(Work item): Reproduce verbatim the lines of the material below, starting at the line with "YouTube and Smart" and ending at the line with "PORSCHE 718 CAYMAN", both inclusive; skip the rest.

(Data extracts):

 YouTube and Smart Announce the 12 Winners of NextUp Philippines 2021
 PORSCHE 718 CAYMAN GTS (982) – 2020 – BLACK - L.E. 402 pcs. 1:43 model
...
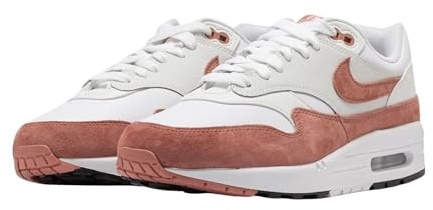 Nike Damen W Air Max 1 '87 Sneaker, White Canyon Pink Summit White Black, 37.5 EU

(Expected answer):
 YouTube and Smart Announce the 12 Winners of NextUp Philippines 2021
 PORSCHE 718 CAYMAN GTS (982) – 2020 – BLACK - L.E. 402 pcs. 1:43 model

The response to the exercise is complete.